Not to put too fine a point on it: this sucks.

I have to love the idiot comment part way down this article. An analyst, whom I will not name, says that we don’t seem to have ‘found the bottom yet’.

Well duh! That’s because we are nowhere near the bottom.

Let’s think this through, rather than be a stock analyst-come-cheering section for Wall Street.

With consumer spending dropping like a stone, retail sales were off a record amount in October, businesses are facing a grim holiday season. The chart to focus on here is not the retail sales themselves but the inventory to sales ratio. That ratio is rising steeply. This means that manufacturers have tons of stuff they cannot sell. Presumably they miscalculated the drop in sales. Carrying unsold inventory is a nightmare: the cost of making the product is already on your books but you have no revenue to offset it. Plus your balance sheet is bloated so you have to borrow from the bank, and pay interest costs, to carry that inventory. What do you do? Cut back production to reduce inventories. That means cutting work hours or even laying off workers.

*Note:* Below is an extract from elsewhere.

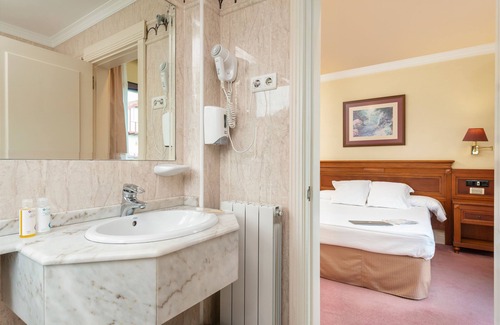 Loiu Hôtel | Hospedium Hotel Blu Loiu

The point I am driving at is that the drop in retail sales will put in place a ripple effect that will cause the economy to contract more over at least the next month or two.

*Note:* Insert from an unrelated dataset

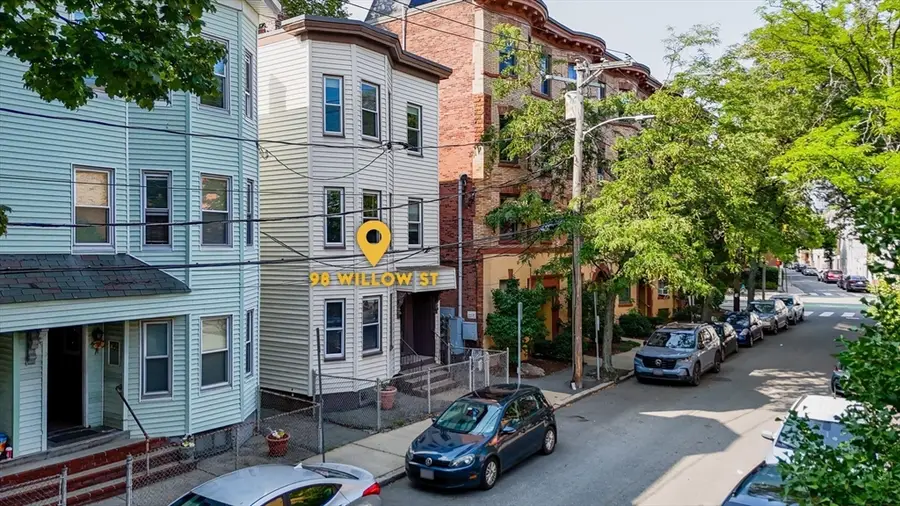 98 Willow Street, Cambridge, MA 02141 - #2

So, of course we haven’t found the bottom yet!

The current trajectory suggests more bad news in both November and December. Beyond that it is impossible to tell, although I think the first quarter will be pretty grim also. This looks as if it will be a nasty, sharp, and steep recession. Much worse than the last two. I expect unemployment to creep up to between 8% and 9% by late next year, although I doubt we will reach the 10.5% of back in the early 1980’s.

So button up. This is going to get worse rather than better. 2009 will be remembered as a very bad year!